## Task requirements
Leaving out all pictures, reproduce the entries below exactly, from the first line through the line that contains "2 744 m² Land available in Steyn City".

(Dataset records)
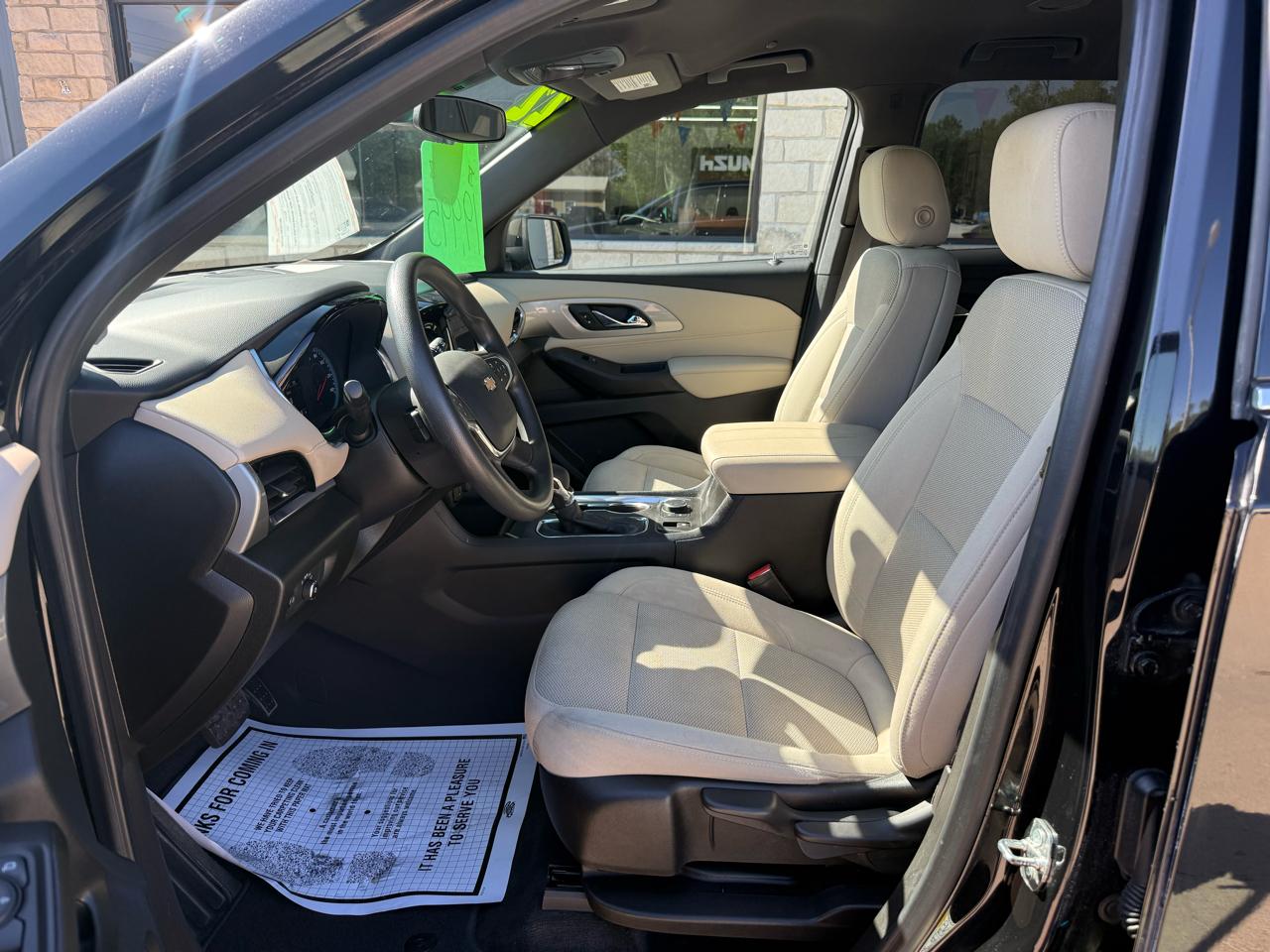 Chevrolet Traverse LS AWD 2022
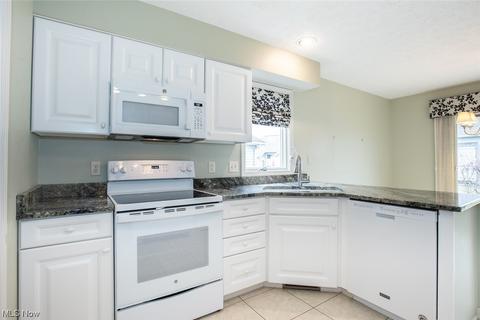 144 Augusta Dr, Elyria, OH 44035 photo 13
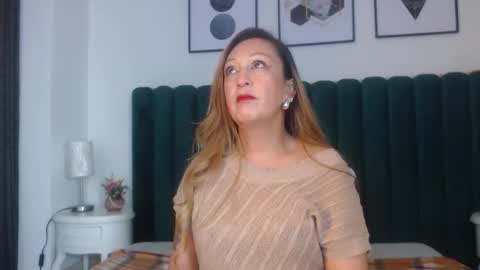 victoriaqueen_fg_ online show from October 6, 12:34 pm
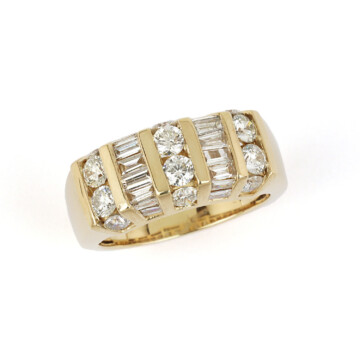 Featured image of this Women’s 14k Yellow Gold Diamond Band Ring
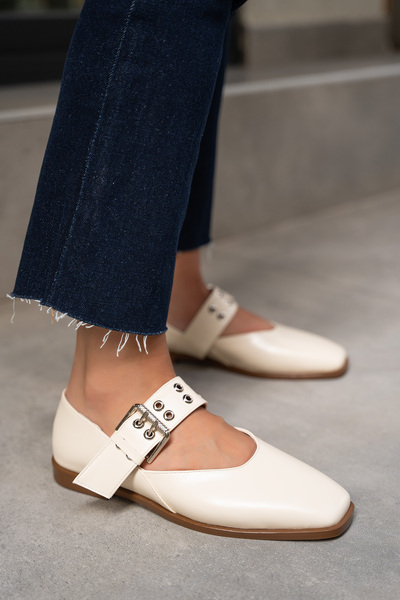 LAMİNTA Jewel Ecru Women's Ballerinas with Belt Detail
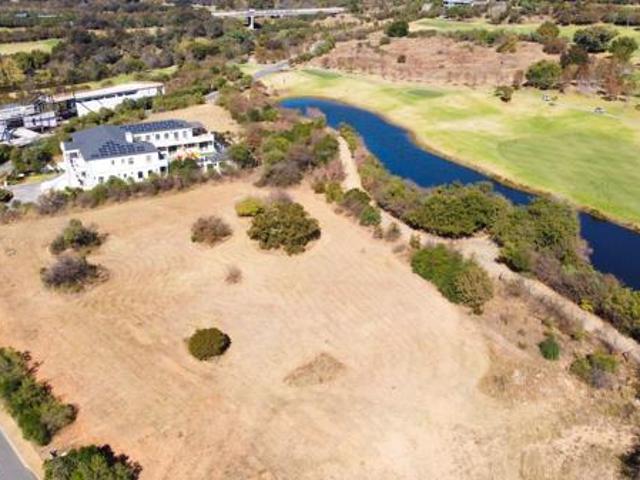 2 744 m² Land available in Steyn City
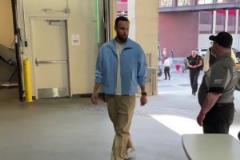 蓄勢(shì)待發(fā)！庫(kù)里一身休閑裝抵達(dá)球館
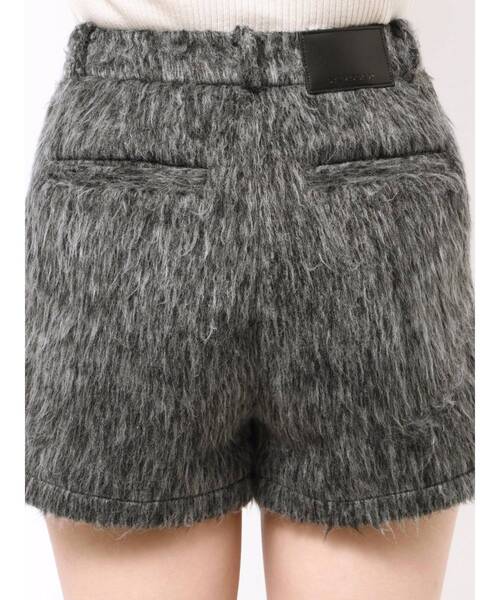 EMODA(エモダ)の「タックシャギーショートパンツ(その他パンツ・レディース・ブラウン/ブラック/グレー・SMALL/MEDIUM)」の15枚目の写真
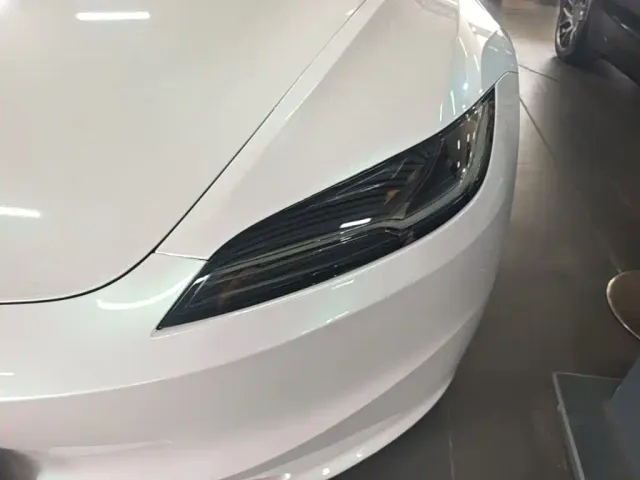 Tesla Model 3 — Фото автомобиля 23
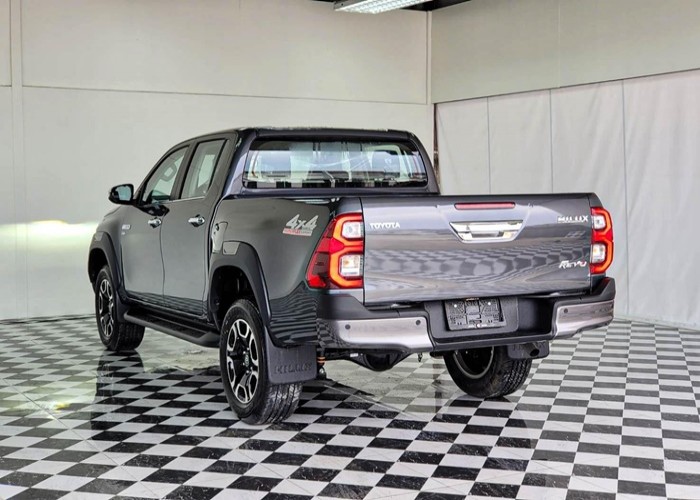 Used 1
                    TOYOTA
                     for Sale Image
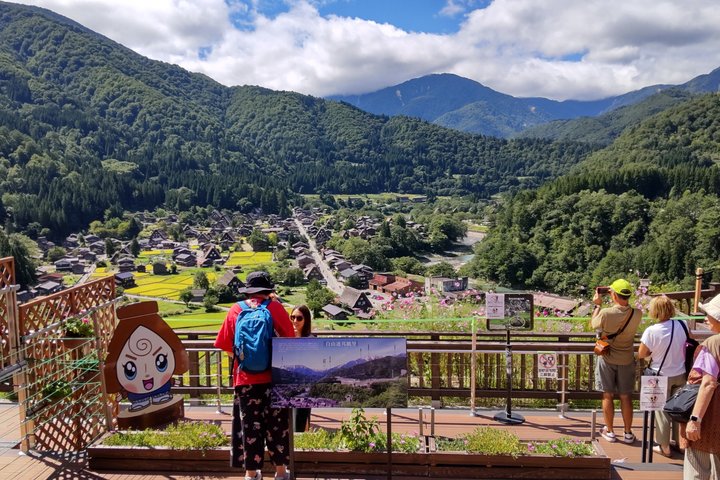 [One-day bus tour departing from Kanazawa Station] Shirakawa-go and Gokayama - Two World Heritage Villages Enjoyable Bus Tour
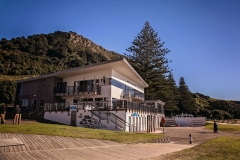 Mt-Surf-club-day-outside-distance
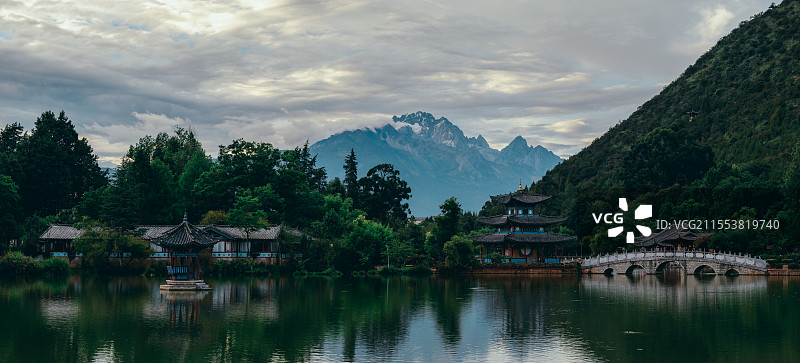 黑龙潭公园视角下的玉龙雪山图片素材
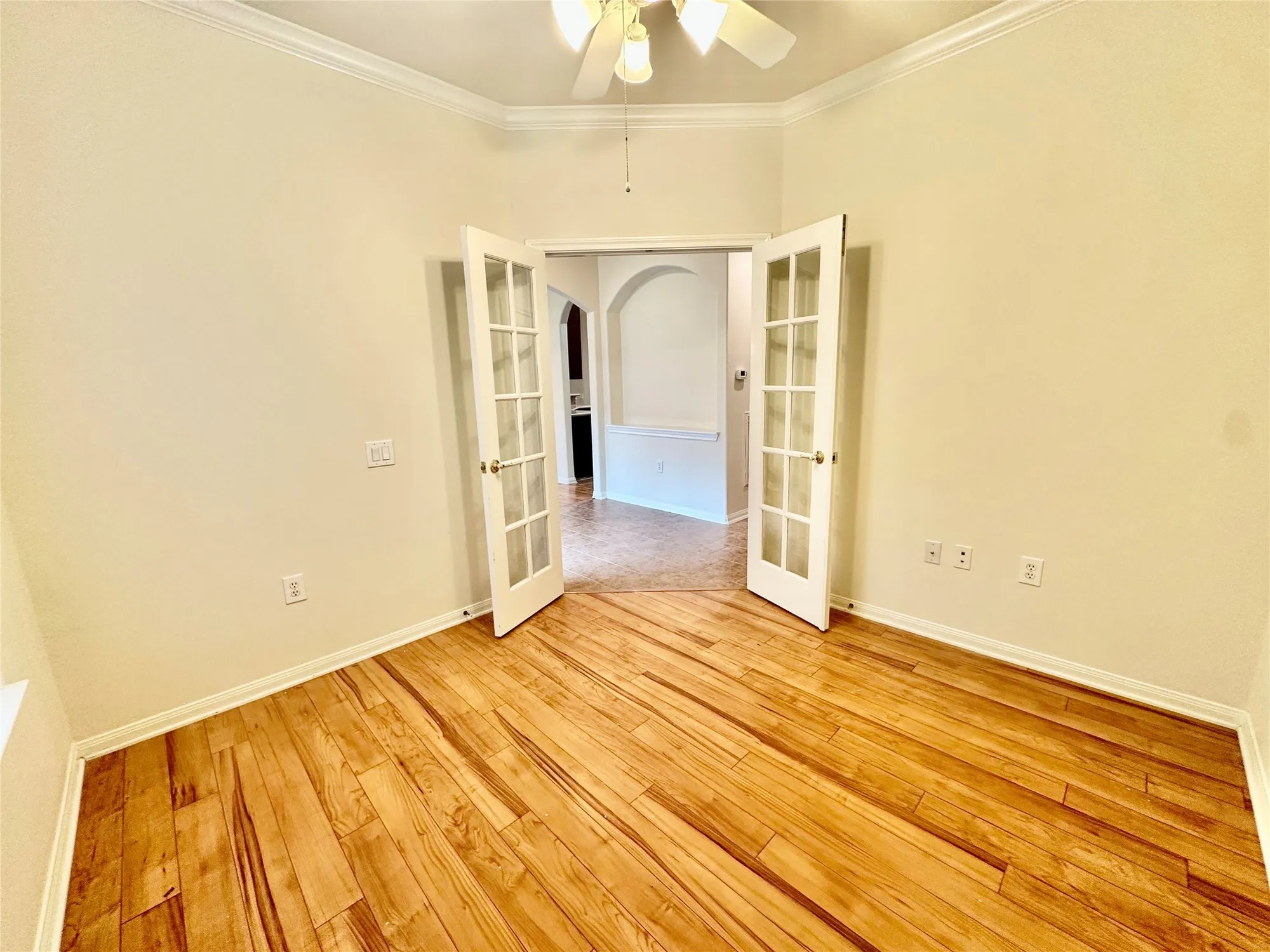 Property Slideshow image 19 of 31 | 1306 modena dr, Pearland, TX, 77581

## Result below
 Chevrolet Traverse LS AWD 2022
 144 Augusta Dr, Elyria, OH 44035 photo 13
 victoriaqueen_fg_ online show from October 6, 12:34 pm
 Featured image of this Women’s 14k Yellow Gold Diamond Band Ring
 LAMİNTA Jewel Ecru Women's Ballerinas with Belt Detail
 2 744 m² Land available in Steyn City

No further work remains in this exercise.